I highly recommend Luc Besson’s The Extraordinary Adventures of Adèle Blanc-Sec. Globe-trotting adventure, over-the-top comedy, extravagant costumes, Egyptian tomb-raiding, and a rampaging pterodactyl… this movie has all of that and more.

And it just arrived on Netflix.

Now, before you set your hopes too high, let me clarify: The Extraordinary Adventures of Adèle Blanc-Sec is a very silly movie. It’ll remind you of the goofiest Indiana Jones adventures. But it never aims to be anything more serious or sophisticated than a good-humored, old-fashioned adventure.

In fact, it’s based on a 1976 comic book adventure written and illustrated by Jacques Tardi, and it feels like a labor of love made by filmmakers who are nostalgic for the stories they loved in their youth. You can feel their enthusiasm in everything from the movie’s sumptuous colors and costumes to its ambitious world-building.

Remember Luc Besson’s The Fifth Element? That remains one of the strangest of space-fantasy films… like a great grandchild of Star Wars that wanted to be Blade Runner, Die Hard, and Spaceballs all at once, frosted with music video madness. Its highs are so dazzlingly high, and its lows… well, if you don’t mind the way Chris Tucker takes over the movie in Act 3, then there aren’t any lows. There are only tangents. Really, really bizarre tangents.

Similarly, Adèle Blanc-Sec is like the great granddaughter of Raiders of the Lost Ark, but she really wants to be both Amelie and Tomb Raider. The highs are high (if not dazzlingly high). And the lows… well, there aren’t any. Just a lot of zany tangents. (Wait until you see how the pterodactyl deals with its parental impulses.)

Louise Bourgoin makes an engaging heroine, but the real scene stealers are Mathieu Amalric in the most spectacularly ugly makeover since Tom Cruise in Tropic Thunder, and Gilles Lellouche, whose Inspector Caponi is a brilliantly bumbling lawman right out a French cartoon.

And speaking of cartoons, on several occasions I was reminded of Spielberg’s Tintin, and that made me think about how much more I would have enjoyed a non-animated version of that film… something styled like this that allowed us the pleasure of old-fashioned movie magic: real costumes, real sets, real makeup, real (or more real) performances, real stunts, real light and shadow.

If there’s been anything lacking on the big screen in recent years, it’s that guilt-free fun that the whole family can enjoy together. (I know I mentioned Raiders and Amelie for comparison, but this film lacks all of those movies’ harder edges. It’s surprising modest and gore-free.) It may not amount to more than the sum of its genre-crazy parts, but it felt like seeing a glorious big-screen rendition of one of the stories I imagined as a kid.

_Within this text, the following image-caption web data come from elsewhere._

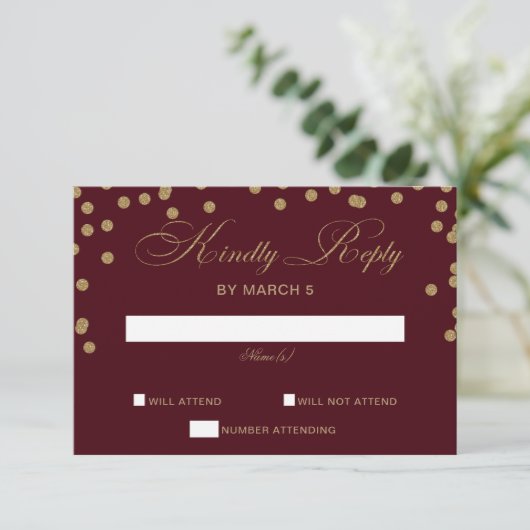 Burgundy Gold Glitter Confetti Elegant Wedding RSVP Kaartje (Staand voorkant)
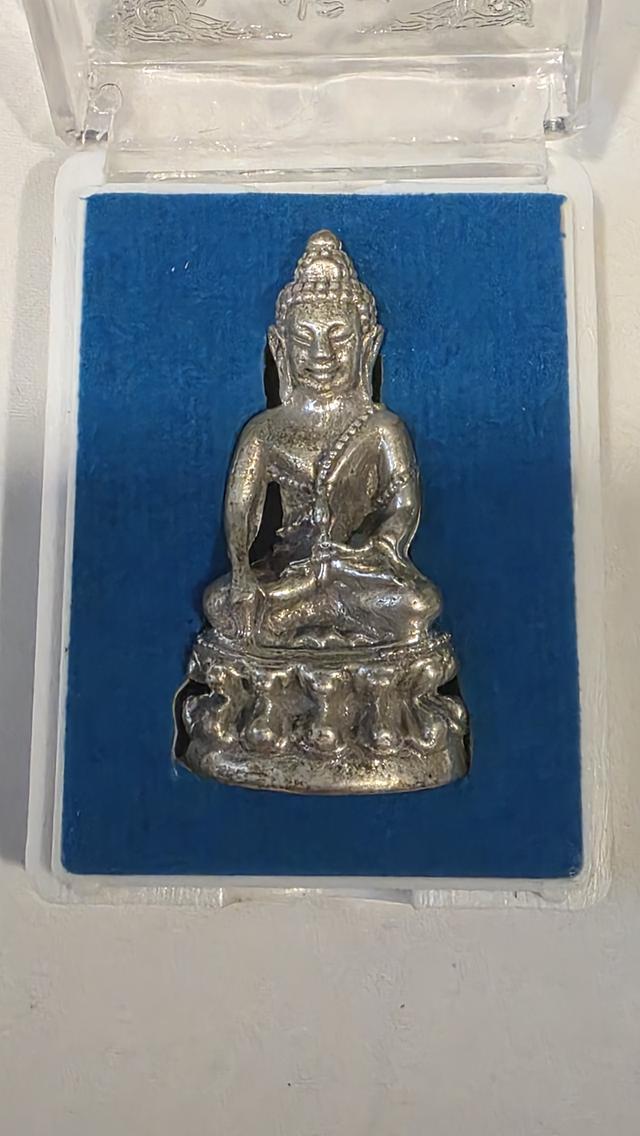 หลวงพ่อคูณ กริ่ง ปริสุทโธ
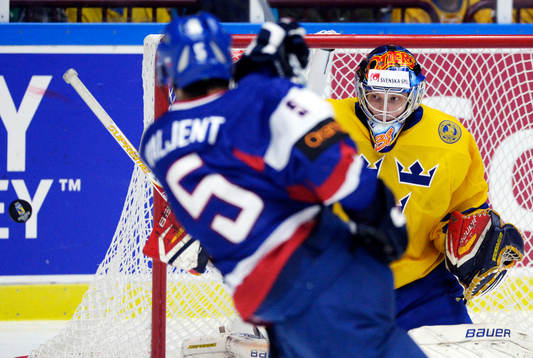 Slovakiens Michal Valjent skjuter mot Sveriges målvakt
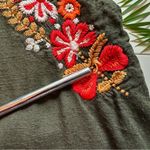 SAACHI Olive Green Embroidered Tunic Top – 2XL – Boho Floral, Pockets Size 2X Photo 9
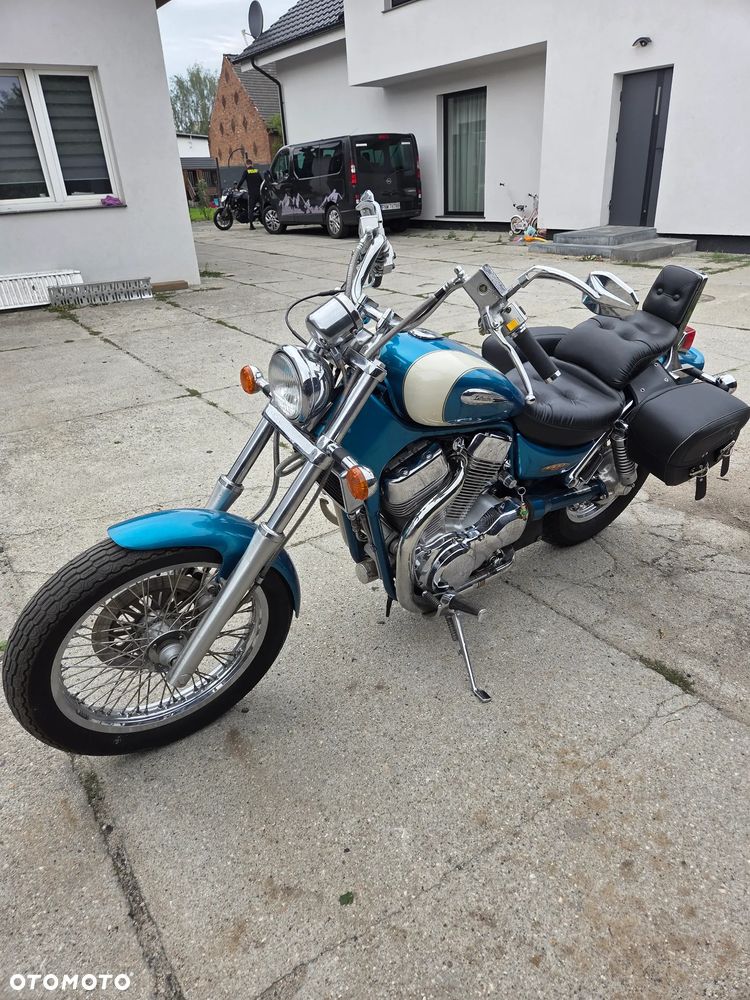 Suzuki Intruder - 7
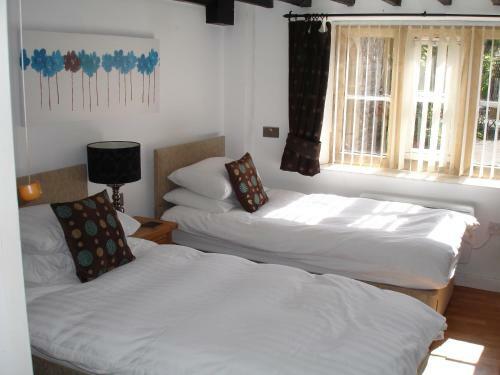 Hostal Burcott Mill Guesthouse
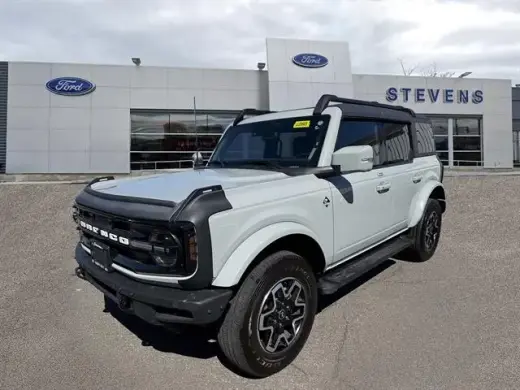 Ford Bronco 2022 4x4 Outer Banks 4dr SUV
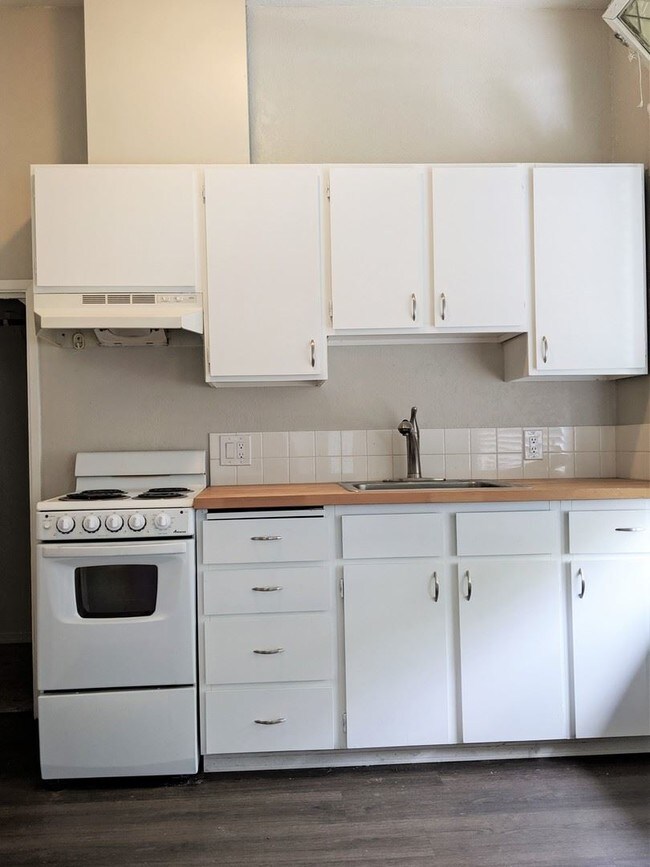 Foto del edificio - 3617 Woodland Park Ave N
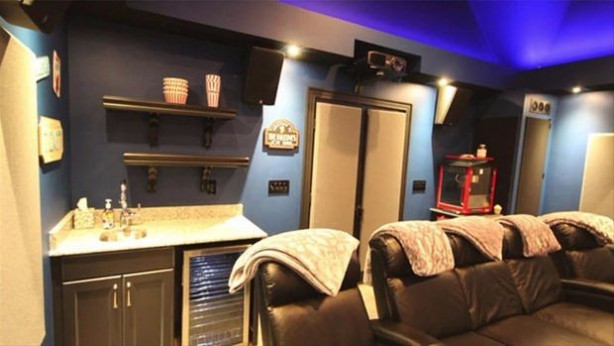 Foto - Kendi sinema salonunu yaptı!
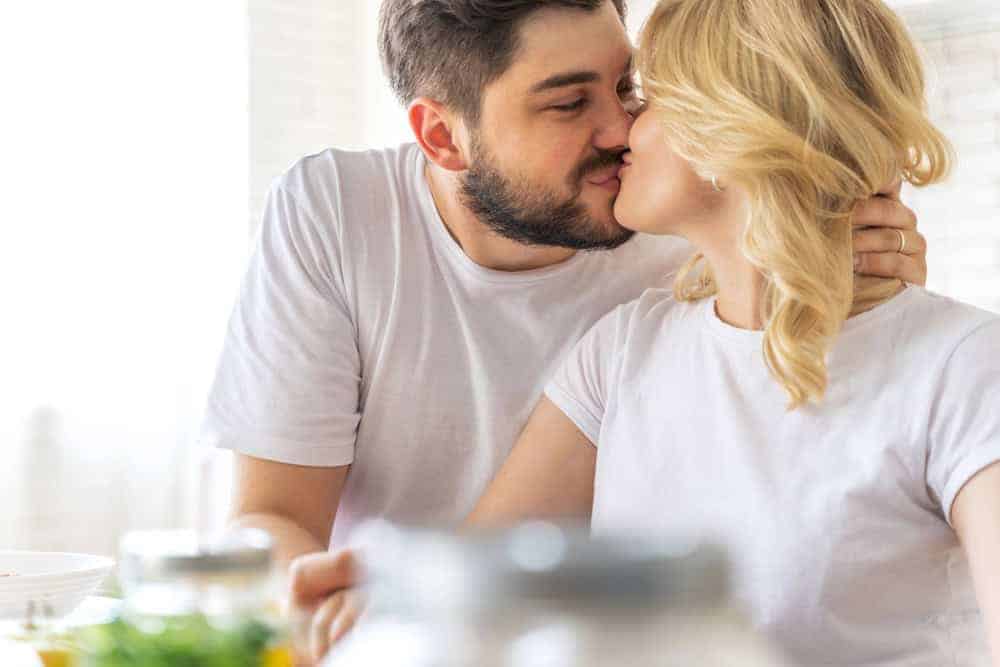 benefits of kissing in a relationship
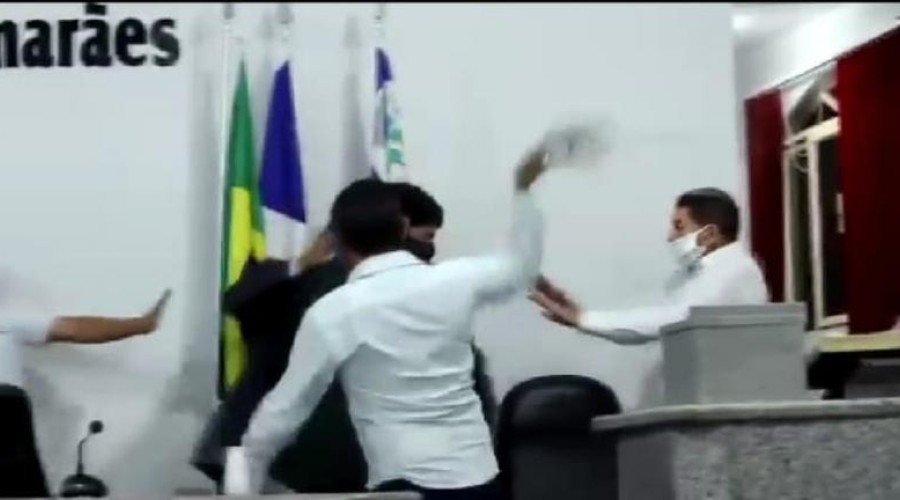 Assista ao Vídeo: Vereador agride colega com jarra de vidro durante sessão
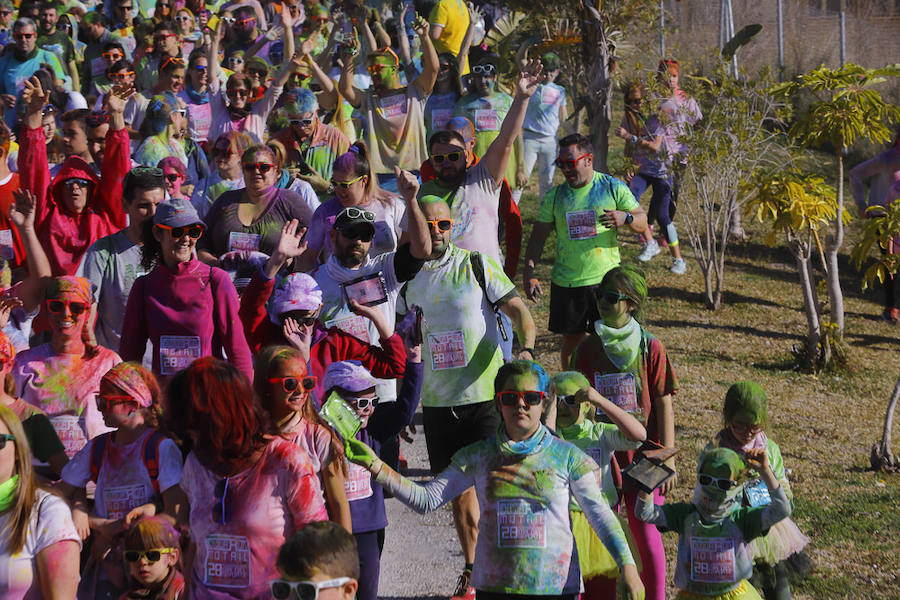 Han sido muchas las familias con niños que se han animado así a empezar el Día de Andalucía corriendo entre polvos de colores. En total, más de 4.000 personas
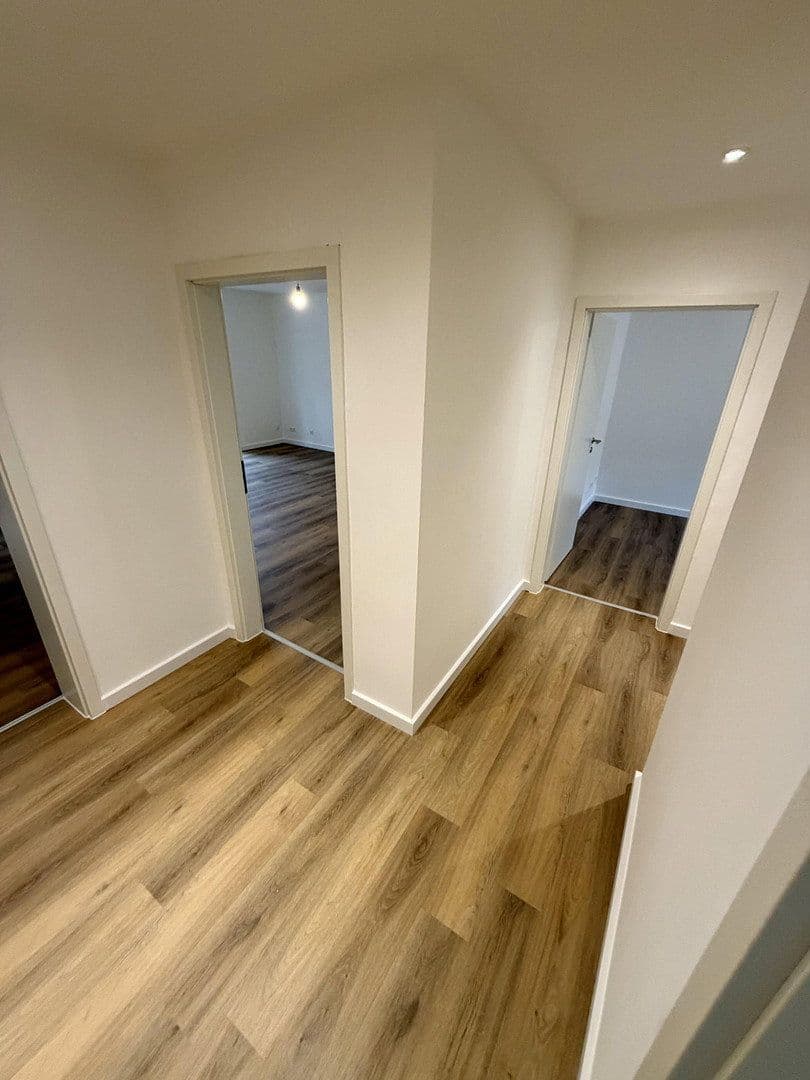 Prodej bytu 3+1 77 m², Brüder-Grimm-Weg 3, Hannover, Dolní Sasko Prodej bytu 3+1 77 m², Brüder-Grimm-Weg 3, Hannover, Dolní Sasko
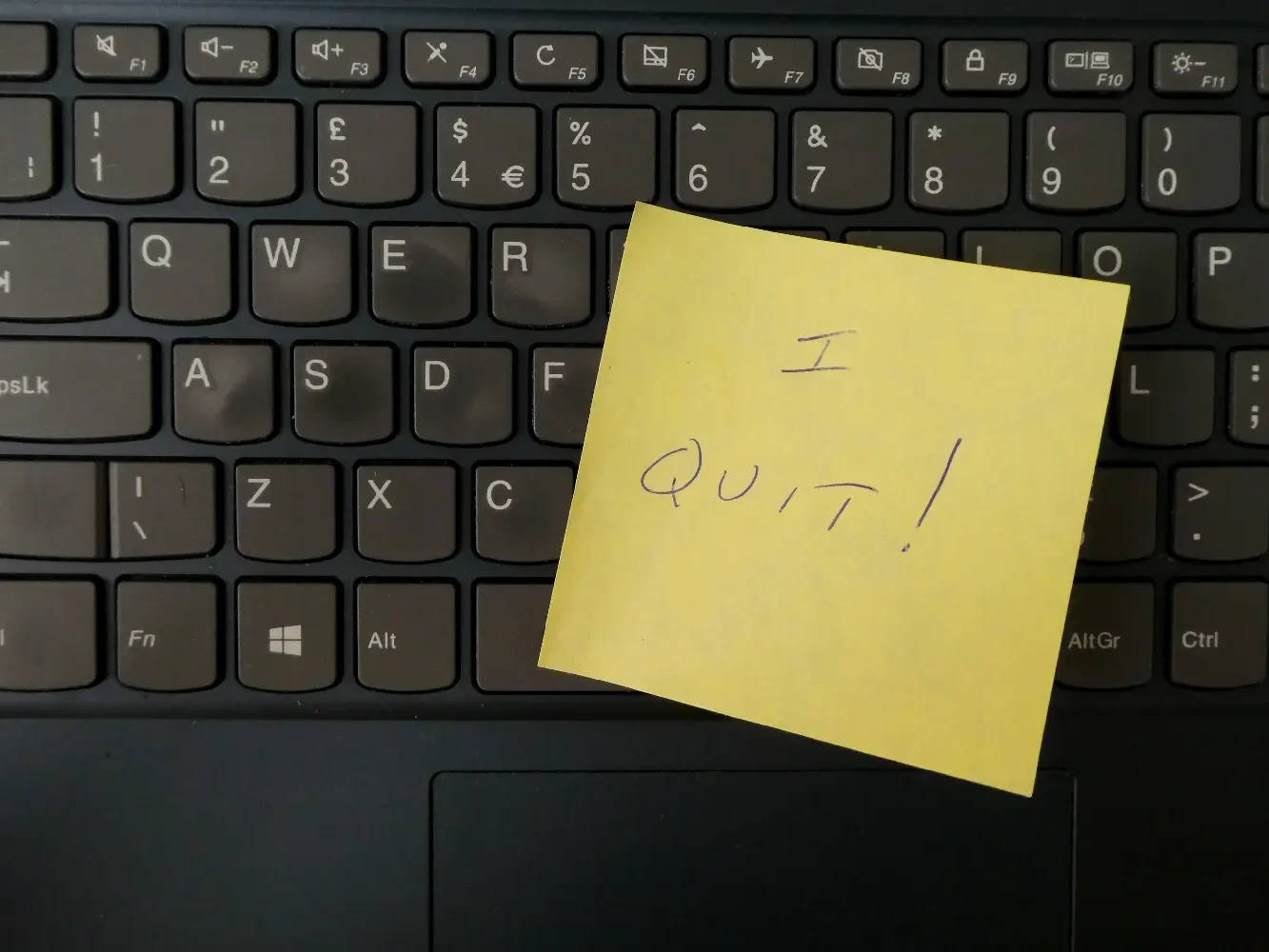 Clavier avec post it de démission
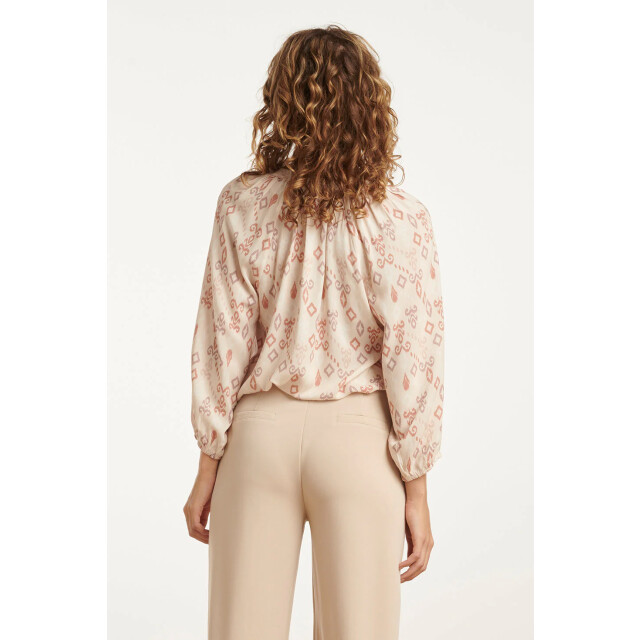 Smashed Lemon 25043 v-hals blouse met aztec printnude tinten | 25043-720-998 large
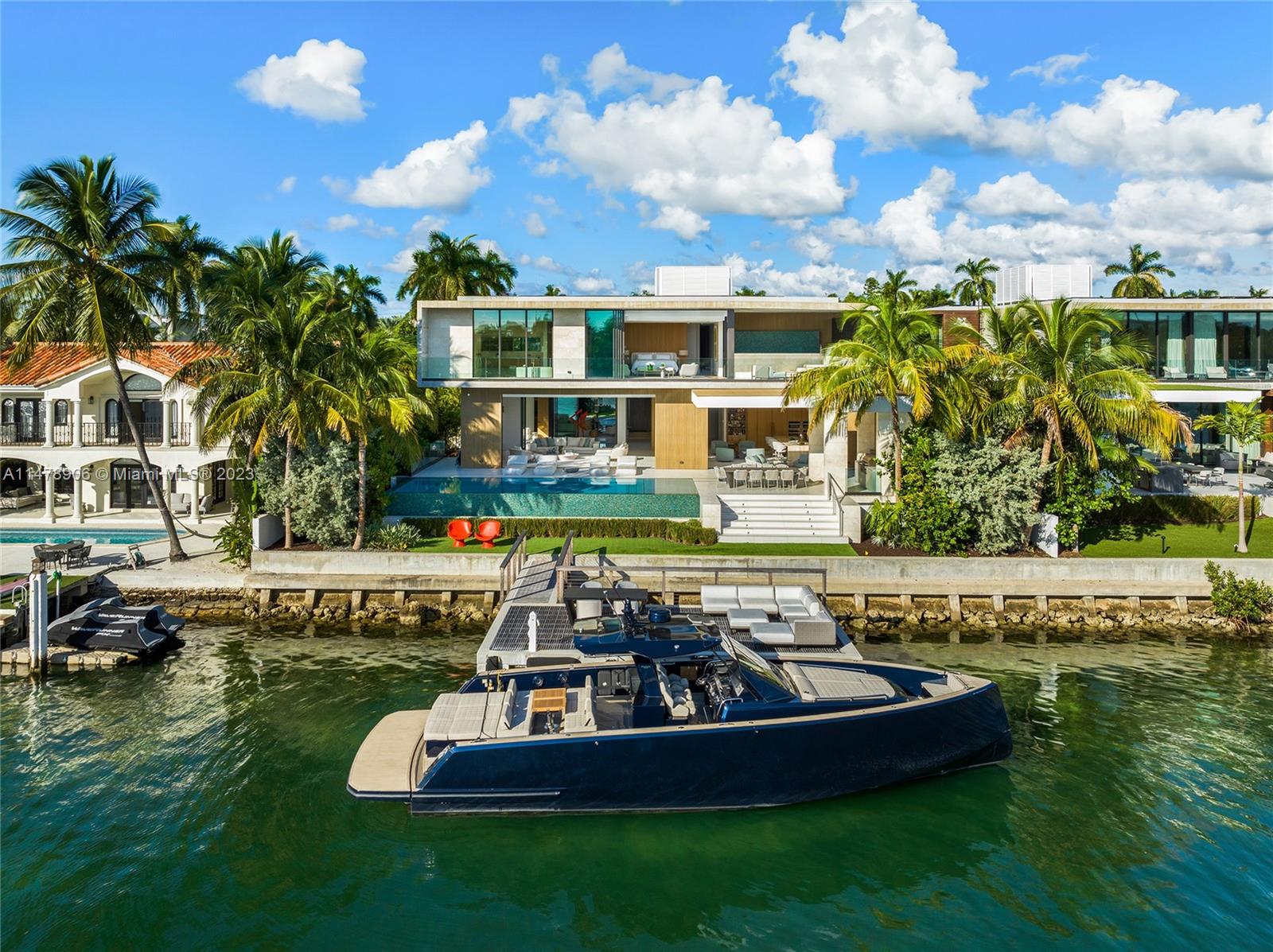 HIBISCUS ISLAND - Residential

And for that, I’m grateful.

I’d like to know why it wasn’t a hit in America, and why it bombed so badly in France. It doesn’t make any sense to me that it took so long to become available in the U.S.

(Wait, I know why it wasn’t a hit in America. The Fifth Element starred Bruce Willis, and the characters spoke English. This doesn’t star American celebrities, and Americans tend to dislike films that don’t have the decency to speak The American Language. Oh well… they’re missing out.)

I think this film deserves an audience.

And I say, “Bring on a sequel, Besson!”